5       Aux termes de l’article 3 de cette directive:

«Chaque État membre interdit aux personnes soumises à l’interdiction prévue à l’article 2 qui disposent d’une information privilégiée:

a)      de communiquer cette information privilégiée à un tiers, si ce n’est dans le cadre normal de l’exercice de leur travail, de leur profession ou de leurs fonctions;

b)      de recommander à un tiers d’acquérir ou de céder ou de faire acquérir ou céder par un tiers, sur la base de cette information privilégiée, des valeurs mobilières telles que définies à l’article 1er point 2 in fine

6       Selon l’article 4 de la directive 89/592:

«Chaque État membre impose l’interdiction prévue à l’article 2 également à toute personne, autre que celles visées audit article, qui, en connaissance de cause, possède une information privilégiée, dont l’origine directe ou indirecte ne pourrait qu’être une personne visée à l’article 2.»

7       Selon l’article 6 de cette même directive:

«Chaque État membre peut fixer des dispositions plus rigoureuses que celles prévues par la présente directive ou des dispositions supplémentaires, à condition que ces dispositions soient d’application générale. En particulier, il peut étendre la portée de l’interdiction prévue à l’article 2 et imposer aux personnes visées à l’article 4 les interdictions prévues à l’article 3.»

 La réglementation nationale

8       La directive 89/592 a été transposée en droit danois par les articles 34 à 39 et 93 à 96 de la loi sur le commerce des valeurs mobilières.

9       L’article 35, paragraphe 1, de cette loi dispose:

«L’achat, la vente et l’incitation à l’achat ou à la vente d’une valeur mobilière ne peuvent être le fait d’une personne qui détient des informations privilégiées qui peuvent avoir une incidence sur l’opération.»

10     L’article 36, paragraphe 1, de ladite loi est libellé comme suit:

«Il est interdit à quiconque qui dispose d’une information privilégiée de la communiquer à autrui, si ce n’est dans le cadre normal de l’exercice de son travail, de sa profession ou de sa fonction.»

11     L’interdiction de la communication énoncée audit article 36, paragraphe 1, vise toute personne disposant d’une information privilégiée, que cette personne figure ou non au nombre de celles indiquées à l’article 2 de la directive 89/592 ou qu’elle soit entrée en possession d’une telle information d’une autre manière.

12     L’article 94, paragraphe 1, point 1, de la loi sur le commerce des valeurs mobilières dispose que toute infraction à l’article 36, paragraphe 1, de cette même loi est sanctionnée par une peine d’amende ou d’emprisonnement d’un an et six mois au plus.
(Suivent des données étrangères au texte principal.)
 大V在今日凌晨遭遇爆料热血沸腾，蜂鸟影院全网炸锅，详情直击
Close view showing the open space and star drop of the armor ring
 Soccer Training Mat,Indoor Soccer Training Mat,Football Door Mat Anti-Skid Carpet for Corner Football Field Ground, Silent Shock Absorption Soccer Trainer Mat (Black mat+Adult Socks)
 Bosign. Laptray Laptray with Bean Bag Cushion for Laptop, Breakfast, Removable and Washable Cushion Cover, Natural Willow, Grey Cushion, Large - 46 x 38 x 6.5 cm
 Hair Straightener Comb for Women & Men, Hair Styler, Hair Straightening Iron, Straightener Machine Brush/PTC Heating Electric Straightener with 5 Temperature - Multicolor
 Le litige au principal et les questions préjudicielles

13     M. Bang est le président de Finansforbundet, le syndicat professionnel des employés du secteur des finances. Finansforbundet compte environ 50 000 membres.

14     M. Grøngaard était membre, désigné par le personnel, du conseil d’administration de la société RealDanmark, un important institut financier coté en bourse et comptant près de 7 000 employés. Il avait également été nommé par Finansforbundet membre du comité de liaison du groupe de RealDanmark (ci‑après le «comité de liaison»). Ce dernier avait été constitué en vertu d’une convention conclue entre Finansforbundet et RealDanmark. M. Grøngaard représentait le syndicat au sein de ce comité. Enfin, M. Grøngaard était président du Kapitalkreds, l’une des 11 sections de Finansforbundet, qui, avec environ 6 500 membres, regroupait plus de 90 % du personnel de RealDanmark.
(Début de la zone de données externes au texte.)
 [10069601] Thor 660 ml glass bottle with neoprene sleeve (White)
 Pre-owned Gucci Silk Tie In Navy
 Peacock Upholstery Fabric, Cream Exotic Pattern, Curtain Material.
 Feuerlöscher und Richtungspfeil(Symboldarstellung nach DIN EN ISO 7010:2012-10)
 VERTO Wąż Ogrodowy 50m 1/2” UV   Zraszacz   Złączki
15     À la suite d’une réunion extraordinaire du conseil d’administration de RealDanmark, M. Grøngaard a, le 23 août 2000, communiqué à M. Bang des informations relatives au plan d’engagement des négociations de fusion avec la Danske Bank, un autre institut financier important au Danemark.

16     Entre le 28 août et le 4 septembre 2000, M. Bang a consulté ses deux vice-présidentes, Mmes Madsen et Nielsen, ainsi que M. Christensen, l’un de ses collaborateurs au secrétariat de Finansforbundet, en leur communiquant les mêmes informations que celles qu’il avait reçues de M. Grøngaard. Le 31 août 2000, M. Christensen a acheté des actions de RealDanmark pour un montant d’environ 48 000 EUR.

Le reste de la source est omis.